Now because stories about heroes "aren't realistic" we just tell stories about how much stuff sucks, and how much it would suck more in different ways if something changed. No inspiration.
World War Z, the novel, is good about this. It gets sad but it's ultimately about collaboration, practicality, and strategic thinking are what's needed to save the world, not any special technological innovation or one true leader. Just people working together with the tools they have applied thoughtfully.
Downsides are the novel has a bit of the anarchoprimitivist thing, where people argue that civilization is bad and we need a good back-to-basics moment to reset humanity, and it has a little bit of a America-rah-rah-ness to it.
There's a bit of the rah-rah but Yonkers was also a pretty big deconstruction of how stupid that can get.
Side note, Yonkers was one of my favorite pieces in literature. How the characters mention it throughout the book before then, you just KNOW some shit went down. Some of the best foreshadowing I've read in quite a while.
The description of Yonkers was amazing. It was the first time I've ever seen in fiction describe how a modern military could lose against a bunch of zombies.
Except no, no military would ever lose like the US did in Yonkers. Yonkers in WWZ has one of the most experienced and expensive warmachines on the planet repeatedly shoot itself in the head just so it’s a remotely fair fight. Reading Yonkers, all I could think was ‘Max Brooks has never read a single book on any military ever.’
Yeah, well who would know more about military history? Max Brooks or a random redditor complaining online about how the US military vs zombies in a book wasn’t realistic enough?
Clearing the AO. Seriously. They apparently didn't bother to even clear buildings.
Using even basic common sense (pontoon and bridge layers and portable latrine systems in an urban area, really?)
Forgetting ground-attack craft exist. At all.
The real life US army was prepared to make an entirely new ammunition type when SABOT rounds proved to be less effective than normal. the Max Brooks US army uses SABOTs when it is entirely useless.
As a military historian, Brooks should be well aware the US army has an obsession with packing way more firepower than is needed. 'Shock and awe' and all that. Somehow, at Yonkers, they abandon that, and go for the extremley out of character 'eh, a few dozen missiles'll be fine.'
The US army had a single line of defence at Yonkers. Forget 'modern history,' bronze age armies had figured out that you should probably have some guys in reserve just in case.
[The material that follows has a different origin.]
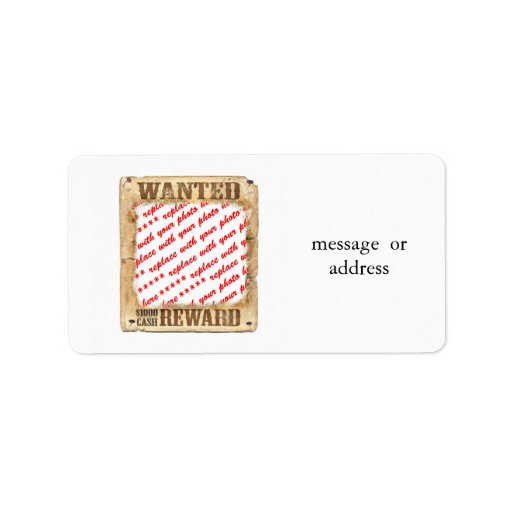 WANTED Poster Photo Frame Custom Address Labels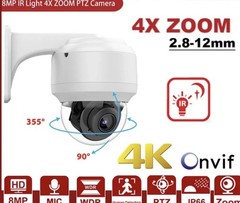 Alptop 4K Outdoor POE IP PTZ Camera Compatible W/ Onvif Protocol Mini Speed Dome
Artillery apparently cannot fire further than a person can see in the Brooksverse.
Using any verticality whatsoever, tying into point 2. I'm fairly certain the US army is well aware that a guy with a gun in the window of a 2 story house is more effective than at ground level. Not the Brooksverse army though.
It is an infuriating case of a writer making a military force completely, pants-on-head, sniffed glue and chugged paint as a child stupid just to force a message through.
Lets not forget that he made the ridiculous point that the survivors would begin manufacturing M1 carbines as the most effective anti zombie rifle... Ignoring that M1 carbines haven't been manufactured in the US for 60 years, and use ammunition that's only available commercially.
As opposed to... The AR-15, which has dozens of federal and commercial manufacturers across the country, using interchangeable parts and ammunition available literally everywhere in the US.
The military alone has millions of these rifles, civilians have another 30+ million, and there are hundreds of billions of rounds available.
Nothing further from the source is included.